Profile · 7 min
Ivan Zhao
Co-founder & CEO, Notion
Strategic profile of Ivan Zhao — co-founder of Notion who nearly shut the company down in 2015, rebuilt it in Kyoto, and grew it to 100M+ users and $10B valuation.
Quick Answer
Ivan Zhao (born ~1987) is the co-founder and CEO of Notion, the flexible workspace platform with 100M+ users and $10B valuation. He famously nearly shut Notion down in 2015 and rebuilt it from scratch in Kyoto, Japan, with co-founder Simon Last over 18 months. The rebuild produced Notion 2.0 (2018) — the breakout product that defined modern PLG workspace software.
Key Takeaways
- ·Ivan Zhao built one of the canonical 2010s-2020s PLG companies.
- ·The 2015-2016 Kyoto rebuild is the canonical founder pivot story.
- ·Notion's block-based architecture enables both simplicity and power.
- ·Template-driven viral mechanics produced compounding distribution.
- ·Craft conviction has tradeoffs — quality vs. speed.
- ·Adjacent expansion (AI, calendar) follows the Stripe controlled-adjacency pattern.
Ivan Zhao — At a Glance
- Born / age
- ~1987, China (moved to Vancouver, Canada as child)
- Nationality
- Canadian-American
- Education
- University of British Columbia (Cognitive Systems)
- Current role
- Co-founder & CEO, Notion
- Notable companies
- Notion
- Known for
- Notion, 2015-2016 Kyoto rebuild, Craft-driven product philosophy, Template-driven viral growth
Why They Matter
Ivan Zhao built one of the canonical PLG (product-led growth) companies of the 2010s-2020s by combining obsessive product craft, template-driven viral mechanics, and a near-death pivot that few founders survive.
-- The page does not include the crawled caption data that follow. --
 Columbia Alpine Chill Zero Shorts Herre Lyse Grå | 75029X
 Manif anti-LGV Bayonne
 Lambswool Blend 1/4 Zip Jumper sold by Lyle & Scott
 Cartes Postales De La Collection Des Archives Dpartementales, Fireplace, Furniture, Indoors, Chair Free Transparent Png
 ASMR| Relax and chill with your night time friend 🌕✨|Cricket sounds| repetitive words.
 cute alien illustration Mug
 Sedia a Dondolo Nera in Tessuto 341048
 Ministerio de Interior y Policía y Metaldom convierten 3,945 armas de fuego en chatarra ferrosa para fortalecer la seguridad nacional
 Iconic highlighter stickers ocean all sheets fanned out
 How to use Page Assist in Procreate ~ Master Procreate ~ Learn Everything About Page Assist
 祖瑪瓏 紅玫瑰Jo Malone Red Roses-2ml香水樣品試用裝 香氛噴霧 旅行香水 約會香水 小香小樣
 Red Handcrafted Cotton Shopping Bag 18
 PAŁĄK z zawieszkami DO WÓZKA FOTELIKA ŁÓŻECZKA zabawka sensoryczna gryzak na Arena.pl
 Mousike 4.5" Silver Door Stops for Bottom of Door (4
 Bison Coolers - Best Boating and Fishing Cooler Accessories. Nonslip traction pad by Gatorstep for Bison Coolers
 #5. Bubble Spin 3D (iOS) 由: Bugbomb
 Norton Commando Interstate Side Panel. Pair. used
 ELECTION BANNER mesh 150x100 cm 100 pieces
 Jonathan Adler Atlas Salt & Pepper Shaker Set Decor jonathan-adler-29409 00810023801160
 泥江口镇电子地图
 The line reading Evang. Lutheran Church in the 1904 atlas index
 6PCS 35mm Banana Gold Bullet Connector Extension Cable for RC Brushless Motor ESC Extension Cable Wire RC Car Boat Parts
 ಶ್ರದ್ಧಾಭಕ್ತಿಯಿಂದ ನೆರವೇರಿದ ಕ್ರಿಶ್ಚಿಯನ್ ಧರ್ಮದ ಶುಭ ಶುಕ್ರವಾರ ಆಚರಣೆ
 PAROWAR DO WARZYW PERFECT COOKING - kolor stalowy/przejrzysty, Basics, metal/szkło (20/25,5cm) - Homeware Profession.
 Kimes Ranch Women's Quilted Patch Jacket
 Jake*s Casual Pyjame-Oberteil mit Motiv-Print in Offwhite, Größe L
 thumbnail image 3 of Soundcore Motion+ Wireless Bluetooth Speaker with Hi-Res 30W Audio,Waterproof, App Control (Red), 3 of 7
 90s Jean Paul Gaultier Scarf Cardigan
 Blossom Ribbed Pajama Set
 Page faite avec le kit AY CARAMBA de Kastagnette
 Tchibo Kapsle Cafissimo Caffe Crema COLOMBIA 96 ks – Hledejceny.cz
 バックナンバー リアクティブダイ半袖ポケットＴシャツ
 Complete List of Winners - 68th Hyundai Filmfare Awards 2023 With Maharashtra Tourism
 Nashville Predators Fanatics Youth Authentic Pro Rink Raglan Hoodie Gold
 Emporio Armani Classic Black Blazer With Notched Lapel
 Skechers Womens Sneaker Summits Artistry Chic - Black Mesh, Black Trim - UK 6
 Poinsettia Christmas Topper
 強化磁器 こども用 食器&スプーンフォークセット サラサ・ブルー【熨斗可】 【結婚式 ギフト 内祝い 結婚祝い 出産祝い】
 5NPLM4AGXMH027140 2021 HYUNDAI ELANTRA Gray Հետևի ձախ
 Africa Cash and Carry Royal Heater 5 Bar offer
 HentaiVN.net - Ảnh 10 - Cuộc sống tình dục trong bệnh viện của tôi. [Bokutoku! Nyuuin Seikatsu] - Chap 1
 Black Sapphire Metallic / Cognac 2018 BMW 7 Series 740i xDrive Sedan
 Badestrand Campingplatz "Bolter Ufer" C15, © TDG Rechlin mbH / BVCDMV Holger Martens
Notion's trajectory has shaped modern B2B SaaS strategy widely.
Ivan Zhao's path is unusual — close to failure, then iconic success — and the Kyoto rebuild has become a canonical founder story. Many founders study Notion's trajectory specifically because the early years included real failure that the team chose to push through. The product that emerged in 2018 was conceptually different from the 2013-2015 original.
Early career and the original Notion (2013-2015)
Ivan moved from China to Vancouver as a child. Studied Cognitive Systems (a UBC program combining computer science with philosophy and psychology) at the University of British Columbia. After graduating he worked briefly at Inkling before starting Notion in 2013. The original Notion was idealistic — a fully programmable workspace where users could build anything. The product was beautiful but commercially failed. By 2015, the company was running out of money. Ivan laid off most of the small team.
The Kyoto rebuild (2015-2016)
Rather than shutting down, Ivan and co-founder Simon Last moved to Kyoto, Japan. The choice was deliberate — lower cost of living, fewer distractions, distance from the SF startup pressure cooker. They rebuilt the product from scratch over 18 months. The new product was conceptually different: still flexible, but built on a unified 'block' architecture that made it easier to use. A note was a block. A database row was a block. A page was a collection of blocks. The unifying concept enabled both simplicity (for note-taking) and power (for databases and project management) without splitting into separate products.
Notion 2.0 launch and the PLG breakout
Notion 2.0 launched in 2018. The reception was different from the 2013-2015 product — users found it immediately, shared templates virally, and began using Notion to replace multiple existing tools (Evernote, Google Docs, Confluence, Trello). The product spread organically through Twitter, YouTube tutorials, and a growing template-creator economy. Notion's growth from 2018 onwards is one of the canonical PLG case studies. By 2020 the company was at $2B valuation; by 2021, $10B with 100M users. The template ecosystem became a structural moat — every YouTube tutorial about productivity, every shared template, every viral Twitter thread was distribution for Notion.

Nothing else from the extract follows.